*WHAT IS REQUIRED*:
Return the lines below exactly, from the first one through the line that has "A full-length view". Leave out everything after it.

DATA SHOWN START

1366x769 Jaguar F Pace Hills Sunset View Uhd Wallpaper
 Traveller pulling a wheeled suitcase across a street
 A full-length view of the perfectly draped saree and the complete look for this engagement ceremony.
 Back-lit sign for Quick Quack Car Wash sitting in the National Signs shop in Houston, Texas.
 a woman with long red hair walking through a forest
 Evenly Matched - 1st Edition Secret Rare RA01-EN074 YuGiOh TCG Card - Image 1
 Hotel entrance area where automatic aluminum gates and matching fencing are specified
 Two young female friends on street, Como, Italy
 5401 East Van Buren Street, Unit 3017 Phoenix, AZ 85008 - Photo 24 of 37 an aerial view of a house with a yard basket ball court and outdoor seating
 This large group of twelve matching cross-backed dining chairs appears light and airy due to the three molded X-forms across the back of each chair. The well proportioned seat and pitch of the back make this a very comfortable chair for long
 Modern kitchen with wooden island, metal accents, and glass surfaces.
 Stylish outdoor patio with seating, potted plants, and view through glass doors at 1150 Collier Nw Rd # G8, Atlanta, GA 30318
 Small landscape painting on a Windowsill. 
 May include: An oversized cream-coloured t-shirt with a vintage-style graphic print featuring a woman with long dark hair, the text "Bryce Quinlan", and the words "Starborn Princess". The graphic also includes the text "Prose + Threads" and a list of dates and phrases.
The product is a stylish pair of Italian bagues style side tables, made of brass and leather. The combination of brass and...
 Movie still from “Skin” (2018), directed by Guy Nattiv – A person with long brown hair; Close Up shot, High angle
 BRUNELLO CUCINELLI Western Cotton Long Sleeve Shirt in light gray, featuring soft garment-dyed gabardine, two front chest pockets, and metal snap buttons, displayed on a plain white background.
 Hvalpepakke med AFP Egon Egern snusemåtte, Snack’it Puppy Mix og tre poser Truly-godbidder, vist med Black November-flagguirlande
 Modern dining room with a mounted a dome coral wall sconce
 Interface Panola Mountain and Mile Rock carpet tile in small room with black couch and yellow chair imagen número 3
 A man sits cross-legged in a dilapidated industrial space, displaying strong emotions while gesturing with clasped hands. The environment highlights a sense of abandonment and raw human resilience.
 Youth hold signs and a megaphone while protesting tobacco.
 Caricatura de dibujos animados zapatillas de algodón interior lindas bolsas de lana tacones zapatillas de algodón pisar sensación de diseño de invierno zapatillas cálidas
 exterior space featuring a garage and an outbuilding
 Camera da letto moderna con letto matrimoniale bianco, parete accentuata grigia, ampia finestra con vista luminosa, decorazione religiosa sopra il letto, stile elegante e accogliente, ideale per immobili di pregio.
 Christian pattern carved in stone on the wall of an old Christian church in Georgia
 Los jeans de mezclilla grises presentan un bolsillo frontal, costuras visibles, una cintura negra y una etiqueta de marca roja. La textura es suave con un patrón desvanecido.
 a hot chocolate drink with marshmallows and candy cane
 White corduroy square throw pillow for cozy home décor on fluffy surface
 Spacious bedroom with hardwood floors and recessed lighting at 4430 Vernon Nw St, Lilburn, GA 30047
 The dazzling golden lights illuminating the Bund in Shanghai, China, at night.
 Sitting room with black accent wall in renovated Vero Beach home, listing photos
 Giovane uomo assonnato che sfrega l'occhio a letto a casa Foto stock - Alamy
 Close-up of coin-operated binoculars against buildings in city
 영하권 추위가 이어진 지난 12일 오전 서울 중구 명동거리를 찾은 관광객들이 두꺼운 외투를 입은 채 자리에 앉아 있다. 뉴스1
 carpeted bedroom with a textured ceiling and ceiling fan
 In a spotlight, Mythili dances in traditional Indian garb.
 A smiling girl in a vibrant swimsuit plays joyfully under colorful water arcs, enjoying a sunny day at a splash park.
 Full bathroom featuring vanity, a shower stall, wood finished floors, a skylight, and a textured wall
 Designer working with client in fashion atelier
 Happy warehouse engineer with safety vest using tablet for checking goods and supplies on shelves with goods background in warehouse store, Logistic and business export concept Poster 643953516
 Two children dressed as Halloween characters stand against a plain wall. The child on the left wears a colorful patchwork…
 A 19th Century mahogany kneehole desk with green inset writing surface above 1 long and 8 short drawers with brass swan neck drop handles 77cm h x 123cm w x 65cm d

DATA SHOWN END

*EXPECTED ANSWER*:
1366x769 Jaguar F Pace Hills Sunset View Uhd Wallpaper
 Traveller pulling a wheeled suitcase across a street
 A full-length view of the perfectly draped saree and the complete look for this engagement ceremony.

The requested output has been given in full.